Tuesday, April 29, 2008
Gi Kee Seafood Restaurant, Hong Kong
This was a dai pai dong, but on an air-conditioned floor above a wet market in Happy Valley (2/F Wong Nai Chung Complex, 2 Yuk Sau Street, 2574-9937). Just because it was air-conditioned didn't mean that it was posh though; similar to its outdoor brethren, we sat on plastic stools surrounding plastic-wrapped tables with a roll of toilet paper on top, we washed our utensils in hot water before eating, and we drank local Sonderberg beer (similar to Blue Girl beer, it claimed to be "imported"). It was apparently a very popular place - to the point where it helped to have a reservation.
We came here for a number of dishes, the first of which was literally translated as "wind sand chicken." With fried garlic showered all over the bird, it was certainly tasty, and was a bit like Bangkok's Polo Fried Chicken. Its close relative, typhoon shelter crab, was offered too, but the crab butter in ours was so tough that I easily preferred Under Bridge's instead. We also got their shark's fin soup - but rather than the thick version that one usually gets at fancy wedding banquets, this one came in a refreshingly thin and clear chicken broth, complete with chicken feet inside.

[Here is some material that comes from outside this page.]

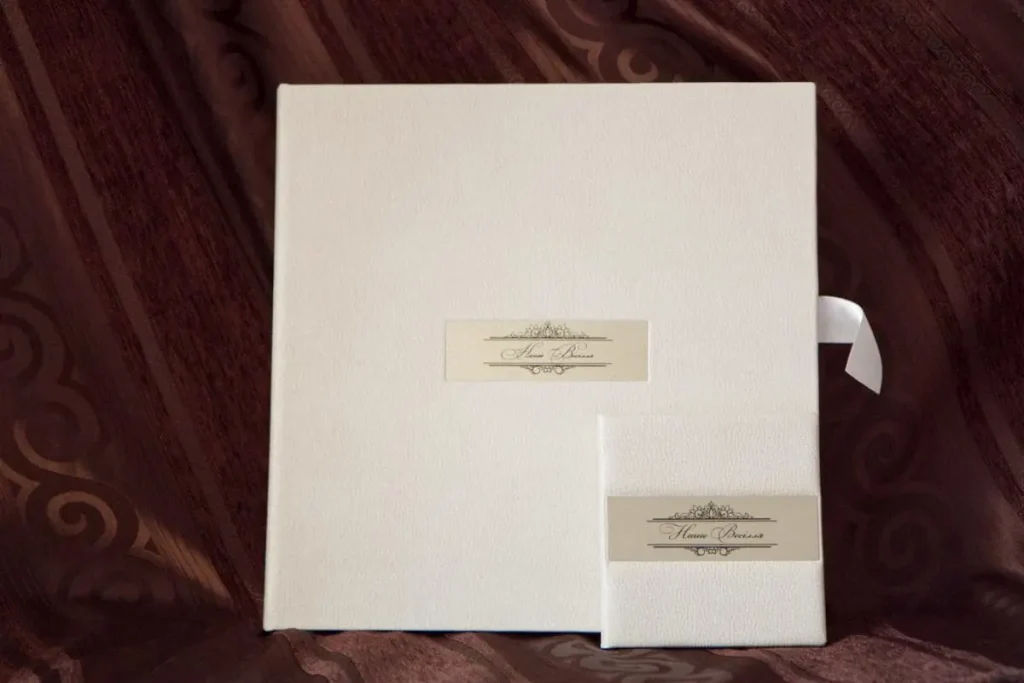 весільна фотокнига Львів ціна, замовити весільний альбом, послуги фотографа Львів ціна, професійна відеозйомка весілля, виготовлення фотокниг на замовлення.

Last but certainly not least, we came here to eat "pork lard rice," an old school dish that used to be common in HK but has since become rather hard to find due to health reasons (we had to pre-order it from these guys). What exactly is it? Well, you get a big pot of steaming hot rice together with a small bowl of pork lard that you pour onto the rice. The heat from the rice melts the lard, after which you give it a couple drops of soy sauce for flavor, and mix it all up. It doesn't look like much and might not necessarily sound that enticing either, but it tastes great, even if it provides an instant heart attack. I suppose that it wasn't necessarily that different from putting salt and butter into rice though.